[[ Given data, beginning ]]

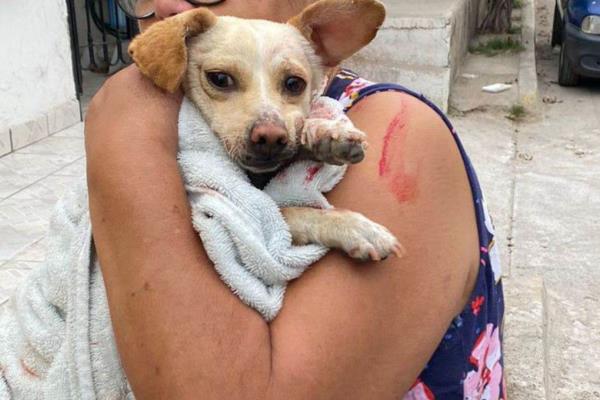 Perrita sobrevive tras caer sobre los picos de una cerca en Villa Unión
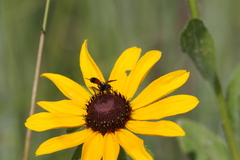 Cylindromyia bicolor
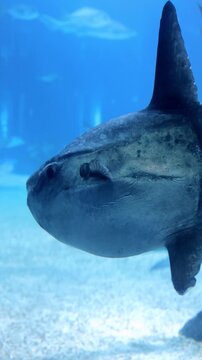 Underwater shot of an ocean sunfish (Mola mola) swimming in deep blue water. Rare marine wildlife scene captured in a clear ocean environment.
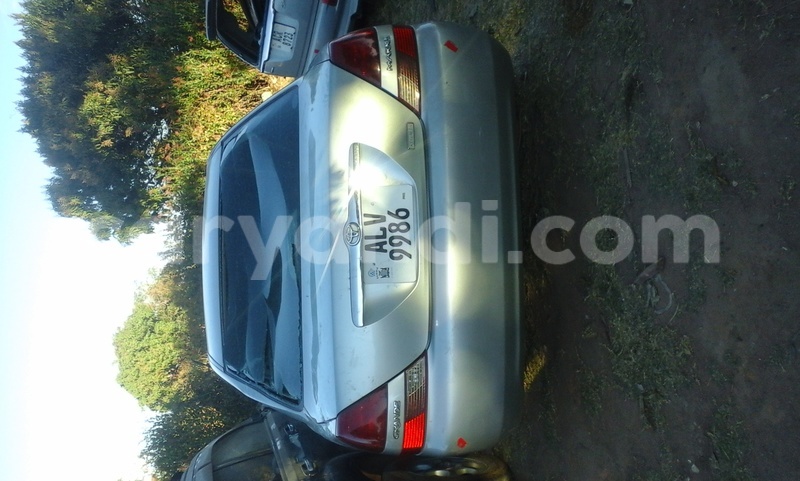 Big with watermark 8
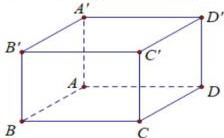 Hình lập phương ABCD.A'B'C'D'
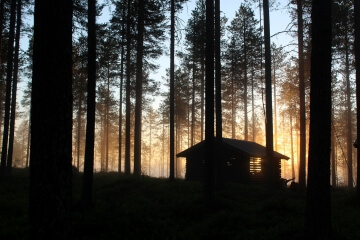 Shelter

[[ Given data, end ]]

* Problem to work on
Output all the records above again exactly, with the pictures dropped.

* Solution to this exercise
 Perrita sobrevive tras caer sobre los picos de una cerca en Villa Unión
 Cylindromyia bicolor
 Underwater shot of an ocean sunfish (Mola mola) swimming in deep blue water. Rare marine wildlife scene captured in a clear ocean environment.
 Big with watermark 8
 Hình lập phương ABCD.A'B'C'D'
 Shelter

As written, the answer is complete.